*EXERCISE GOAL*. Each line of the data below between the one containing "Apartments Ivona" and the one containing "375 Plum Creek", both included, is to be repeated exactly. Please omit pictures.

Start of EXTRACTED ENTRIES

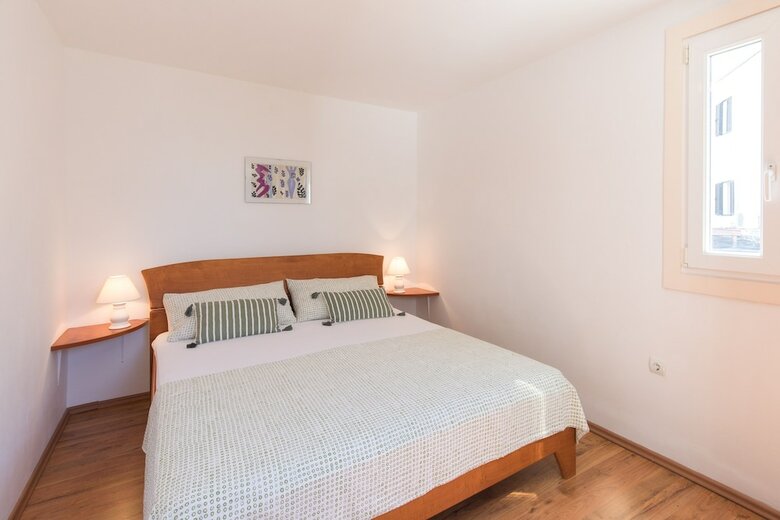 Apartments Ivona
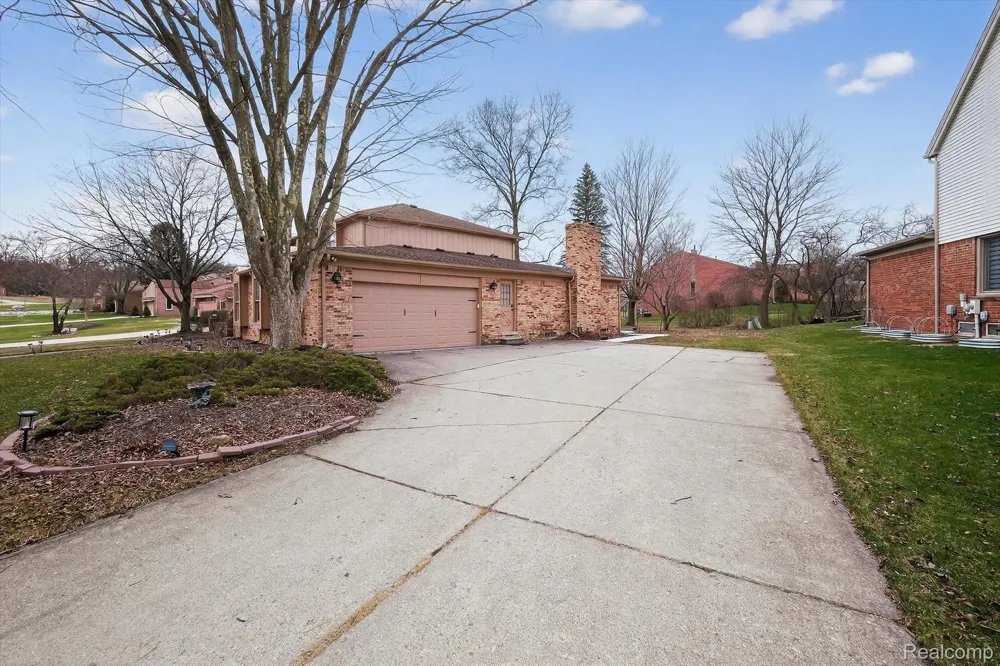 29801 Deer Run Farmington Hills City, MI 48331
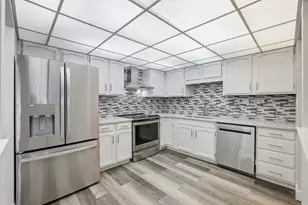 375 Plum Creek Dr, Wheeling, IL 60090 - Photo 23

End of EXTRACTED ENTRIES
Start of EXTRACTED ENTRIES

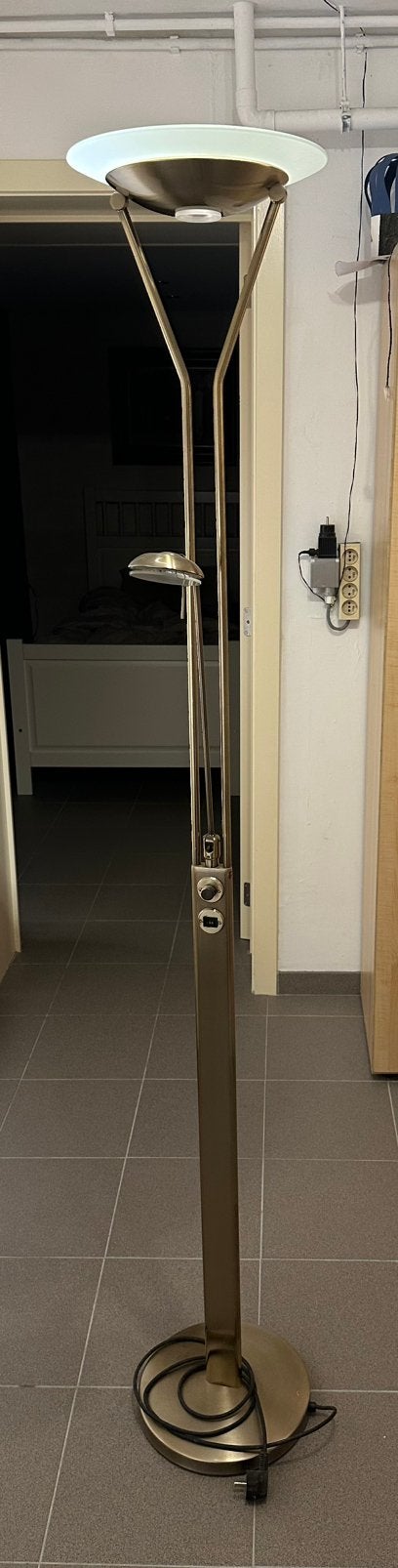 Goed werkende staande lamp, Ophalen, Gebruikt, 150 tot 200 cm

End of EXTRACTED ENTRIES
Start of EXTRACTED ENTRIES

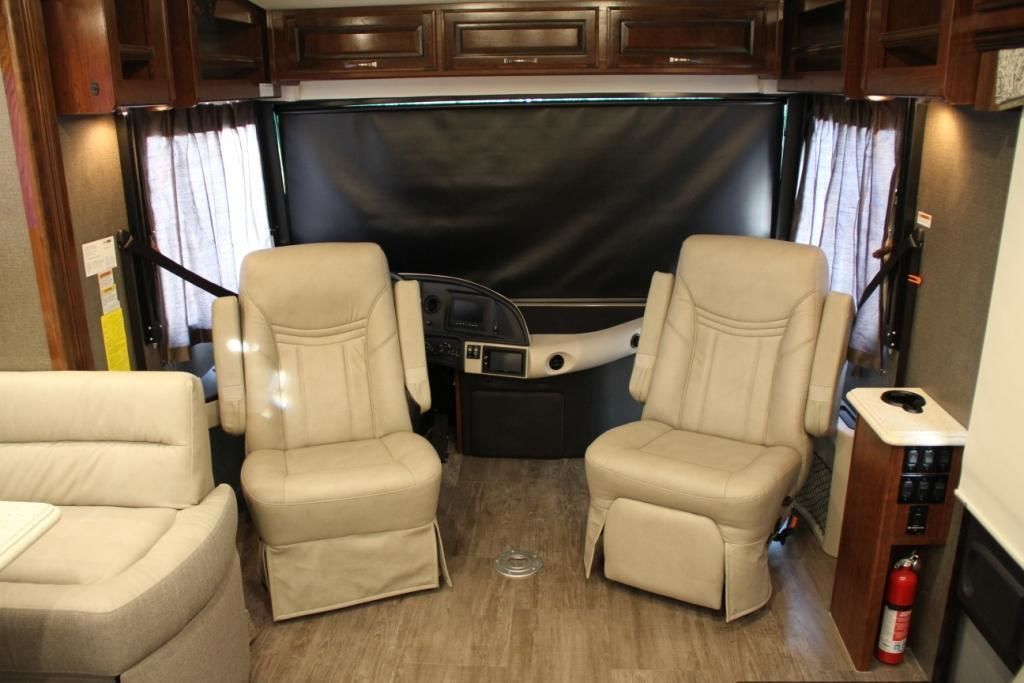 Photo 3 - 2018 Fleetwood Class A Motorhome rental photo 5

End of EXTRACTED ENTRIES

*FINISHED TASK*.
 Apartments Ivona
 29801 Deer Run Farmington Hills City, MI 48331
 375 Plum Creek Dr, Wheeling, IL 60090 - Photo 23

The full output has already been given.